Having BAC was associated with an increased risk of ASCVD (HR 1.51; 95% CI 1.08-2.11), the composite of acute MI, ischemic stroke, CVD death, as well as global CVD (HR 1.23; 95% CI 1.002-1.52), an endpoint that included ischemic heart disease, cerebrovascular disease, heart failure, cardiomyopathy, deep vein thrombosis\pulmonary embolism, cardiac arrest, peripheral arterial disease, retinal vascular occlusion, and CVD death. When BAC status was added to pooled cohorts equations risk, it improved model calibration and reclassification of ASCVD, with an overall net reclassification improvement (P = 0.01) as well as a bias-corrected clinical-net reclassification improvement (P = 0.04).

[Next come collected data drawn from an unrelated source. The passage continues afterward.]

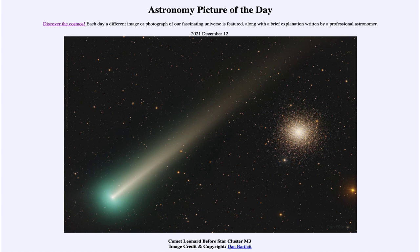So that was our picture of the day for December 12th of 2021, titled 'Comet Leonard Before Star Cluster M3.' We'll be back again tomorrow for the next picture, previewed to be 'Meteor Mountain,' so we'll see what that is about tomorrow. Until then, have a great day everyone, and I will see you in class.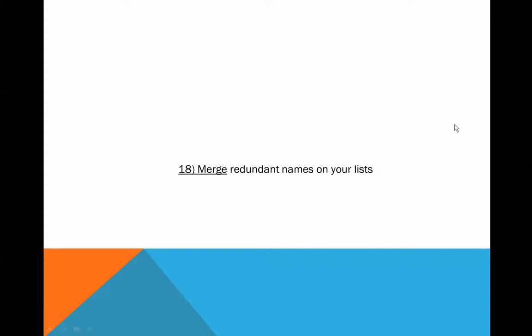Hi, this is Wayne Blau with tip number 18 from our 35 QuickBooks 2013 tips and tricks: merge redundant names on your list. I've done this a little bit in a prior tip, so if you saw this, my apologies.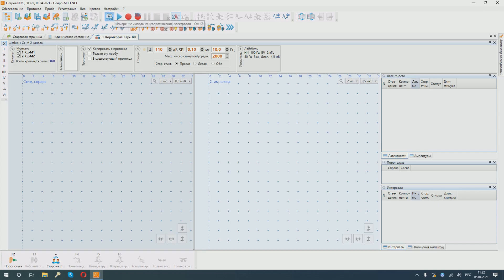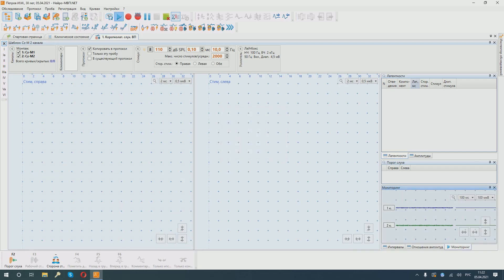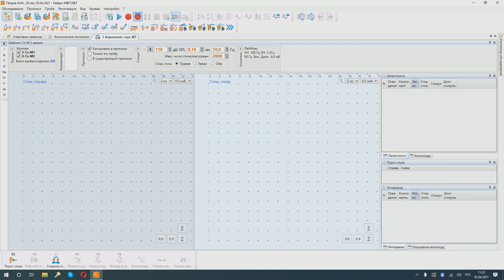When the patient is prepared, we checked the impedance. We are within two. Everything is good. Let's see the monitoring signal. Calm. We can start stimulation. We start from the right side.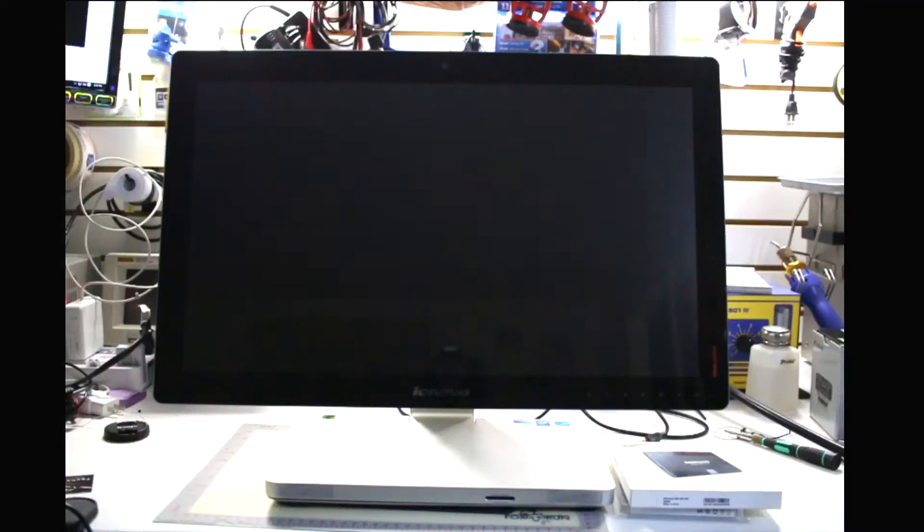Hey YouTube! My name is Steve from SuperMods Computing Technologies. Today we're going to be working on a Lenovo Idea Center A540.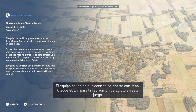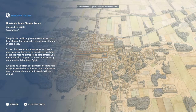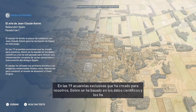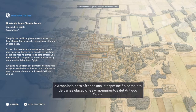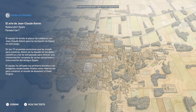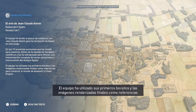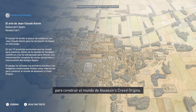The team was thrilled to collaborate with Jean-Claude Galvin in order to recreate Egypt for the game. In the 19 exclusive watercolors he created for the team, Galvin used scientific data as the base and then extrapolated to provide a full interpretation of various locations and monuments in ancient Egypt. Both early sketches and fully rendered images were then used by the team as references while building the world of Assassin's Creed Origins.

Iribarren and colleagues suggest that women with presence of BAC who have borderline or intermediate ASCVD risk may be candidates for more discussions and adjustments of preventive therapies, while those with BAC who are at high ASCVD risk may be candidates for more-aggressive therapy.

Another Piece of the Preventive Puzzle

Several findings from the study, say Cameron and Khan, suggest that BAC pathobiology is distinct from coronary artery calcification (CAC), a proven marker for CVD event prediction. One distinction is that women with BAC were not more likely to have higher rates of conventional ASCVD risk factors like smoking and high cholesterol.

“In addition, the authors did not find a dose-response relationship between BAC and CVD, as there is for CAC,” Cameron and Khan write. “ Although they noted a threshold effect for the 95th percentile of BAC on global CVD, similar results were not found for hard ASCVD, so the meaning of this threshold for ASCVD risk prediction remains unclear.

The editorialists point out, however, that with more than 70% of the older women in the study already on statins, and given known effects of statins on CAC growth and plaque repair, a dose-response for BAC may have been muted.

To TCTMD, Iribarren noted that BAC helped stratify 10-year ASCVD risk at every level, adding support for the importance of knowing BAC status. “This is bringing in another piece of the puzzle and we think [BAC] should be considered as a risk-enhancing factor,” Iribarren said. “Risk calculators are outdated, and they don't perform as well in women as they do in men. We need to recalibrate the models in contemporary populations.”

Iribarren added that his group next plans to assess BAC status in women in the 40- to 59-year age group to shed more light on its generalizability as a risk-enhancing factor.

  • Iribarren, Cameron, and Khan report no relevant conflicts of interest.